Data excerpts
-.-.-

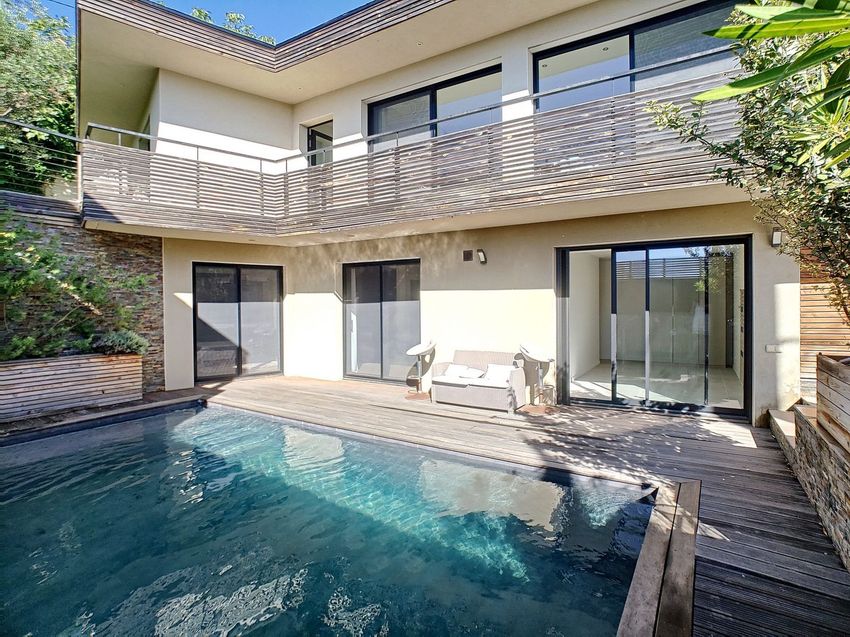 Image Piscine à  maison individuelle de Bandol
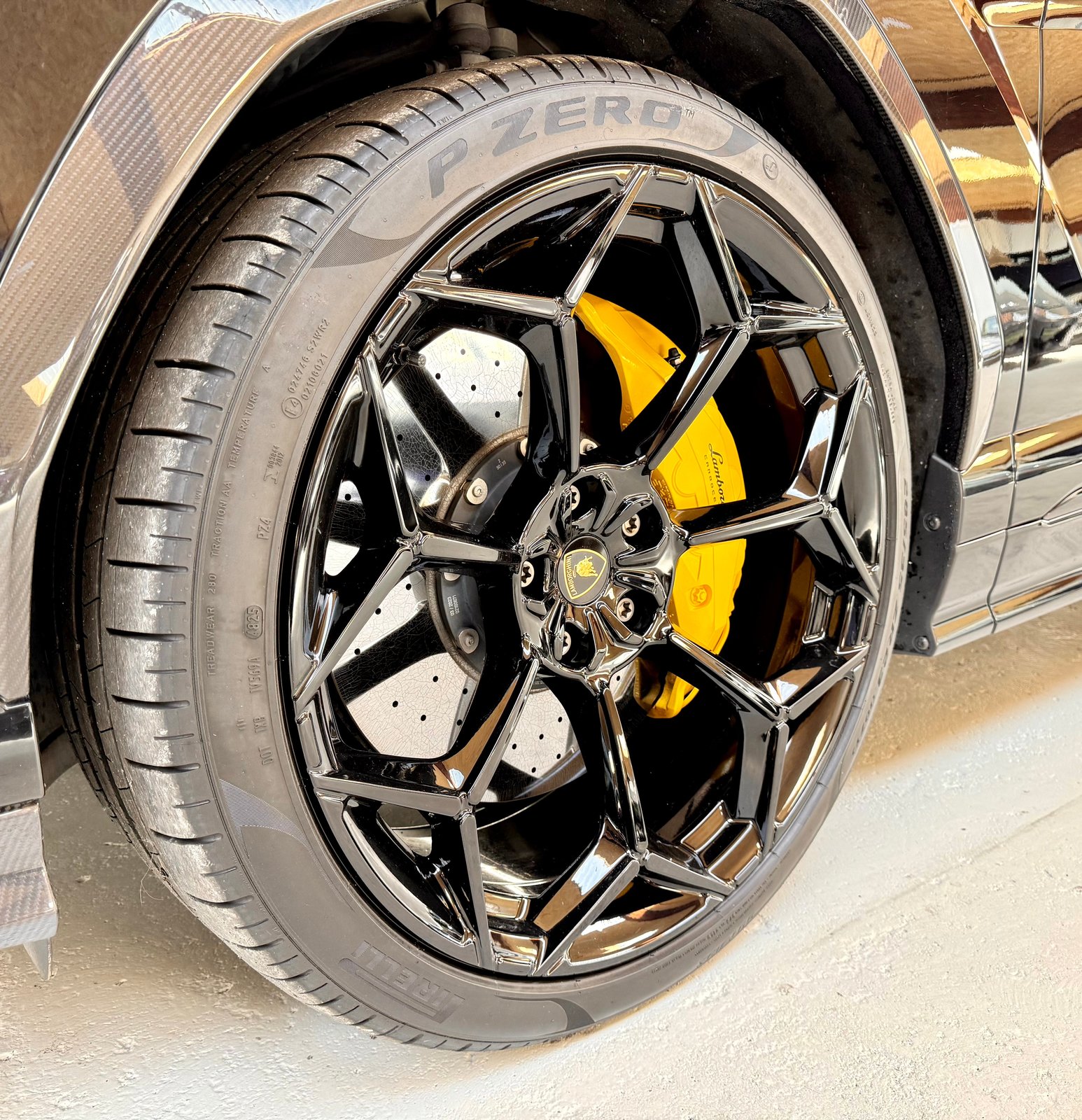 LAMBORGHINI Performante 60 anniversario, Benzin, Occasion / Gebraucht, Automatik - 6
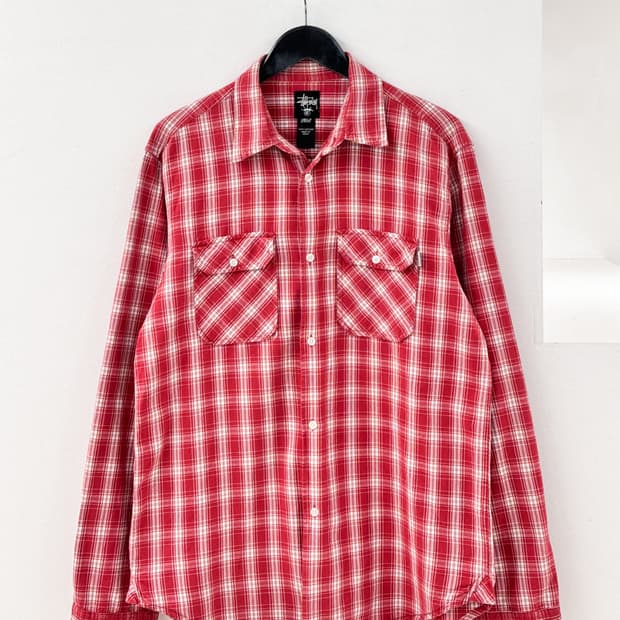 Y2K Stussy shirts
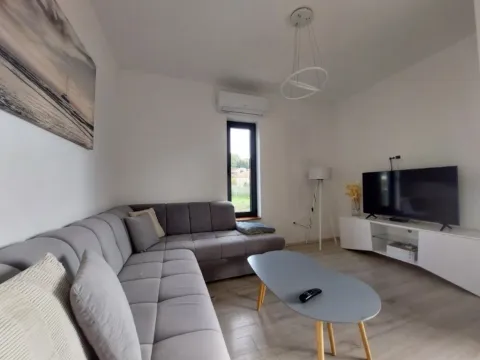 Izdavanje, jednosoban stan, 45m², Tivat, Crna Gora - image 12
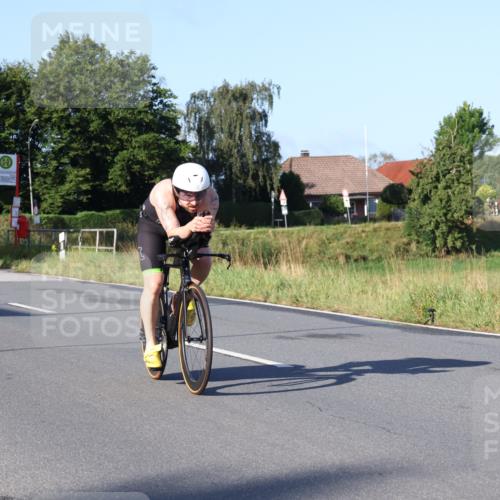 25.08.2024 - Elbe Triathlon Hamburg Fuchs,  Jonas http://msf.ph/oto/6845343 25.08.2024 09:06:30 Radfahren 38, 40 meine-sportfotos.de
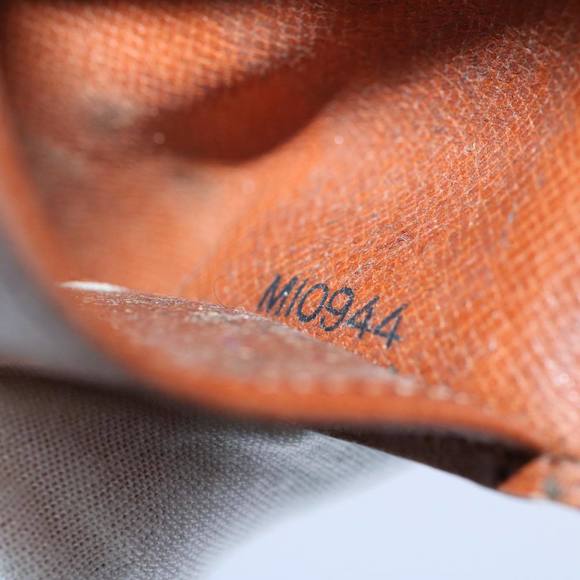 LOUIS VUITTON Monogram Multi Cles 4 Key Case M69517 LV Auth 54448 - Picture 12 of 16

-.-.-

What the task asks:
From the line containing "25.08.2024 - Elbe" to the last line of the entries, output every line exactly as written, but leave out the pictures.

Reply:
 25.08.2024 - Elbe Triathlon Hamburg Fuchs,  Jonas http://msf.ph/oto/6845343 25.08.2024 09:06:30 Radfahren 38, 40 meine-sportfotos.de
 LOUIS VUITTON Monogram Multi Cles 4 Key Case M69517 LV Auth 54448 - Picture 12 of 16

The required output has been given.